Zephaniah presents a universal vision when Yahweh will set the world right. Yahweh says, “At that time I will change the speech of the peoples to a pure speech, that all of them may call on the name of the Lord and serve him with one accord” (3:9). Zephaniah is predicting the reverse of Babel. In the story of Babel, a coalition of the prideful tried to outbuild God. By confusing their speech, God displayed His power and ended their intention to build a tower “that reaches to the heavens” (Gen. 11:4). In Zephaniah, all the nations summoned for judgement join in one voice, one language to submit to Him. In the new world order, God will clarify the speech of the people, not confuse it.
These verses also contain a return to Eden, where Yahweh abides with His people. Their submission and obedience recreate a world built on justice where all feel safe and at peace. Zephaniah writes, “On that day you shall not be put to shame because of all the deeds by which you have rebelled against me; for then I will remove from your midst your proudly exultant ones,
and you shall no longer be haughty in my holy mountain. For I will live in the midst of you a people humble and lowly” (3:10-11).
If you are keeping count, this is the fourth time Zephaniah shoots a side-glance at a story from Genesis. He started by using flood language for the coming universal judgement in chapter 1. He described the destruction as if it was a reversal of the creation process. In his judgement of the nations in chapter 2, he connected the plight of the Ammonites and Moabites to the fate of Sodom and Gomorrah. And here in chapter 3, we have a reversal of the Tower of Babel.
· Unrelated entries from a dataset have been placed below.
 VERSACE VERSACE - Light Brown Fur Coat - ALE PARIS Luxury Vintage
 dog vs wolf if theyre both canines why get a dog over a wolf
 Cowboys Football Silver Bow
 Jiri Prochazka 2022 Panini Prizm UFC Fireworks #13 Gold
Cush comes back into the story. This time not as a place of judgement but as the place “from beyond the rivers” where Yahweh’s “scattered ones” will return and bring an offering (Zeph. 3:10). Here, the prophet is likely talking about the exiles of the Northern Kingdom dispersed all over the Ancient Near East by Assyria. Exile is the greatest source of shame for an ancient nation, proof that their national god has forsaken them. Yahweh says He will “save the lame” and “gather the outcast” (3:19). They will no longer be shamed; they will be admired (3:19-20) and their fortunes reversed. The return from exile will have the added effect of exalting Yahweh and exposing the pagan gods.
The last seven verses of Zephaniah are a self-contained psalm. As Zephaniah looks to the future, he sees a remnant who rejoice in their reconciliation. When the prophet imagines the day of restoration, Yahweh speaks of Jerusalem as His personified city. Twice, Yahweh reiterates that he is the Lord their God dwelling “in their midst” (3:15, 17). In the first chapter of Zephaniah, the people accused Yahweh of being absent, unable to do good or harm (1:12). Here, as the prophet closes, all praise Yahweh for his constant presence as a source of peace, renewing the people with His love (3:17).
New Testament
Zephaniah is the first of our minor prophets studied so far that is never quoted in the New Testament, not by Jesus, James, or Paul. Likewise, sermons rarely reference Zephaniah. The New Testament does, however, reflect the essence of Zephaniah, particularly the embrace of the meek and humble. Zephaniah praises the “humble of the land” for obeying God’s requirements (2:3). He believes Yahweh lives amid the “lowly and humble” (3:12); His heart is for them. Like Zephaniah, Jesus exalts the lowly and “poor in spirit” in his Sermon on the Mount (Matt. 5:3), promising the future will be theirs. This outlook stood in sharp contrast to the Roman culture of Jesus’s day. Roman historian Tacitus explicitly stated, “The gods are on the side of the stronger.”
Zephaniah taught that overreliance on wealth or power were obstacles to the kingdom mindset. In Jesus’s interaction with the rich man in Mark 10, he tells the rich man to go sell what he owns and give the money to the poor. “How hard it will be for those who have wealth to enter the kingdom of God,” Jesus said (Mark 10:23). James echoes Zephaniah in his place of primacy for the poor in the kingdom. He wrote, “Let the believer who is lowly boast in being raised up” (James 1:9).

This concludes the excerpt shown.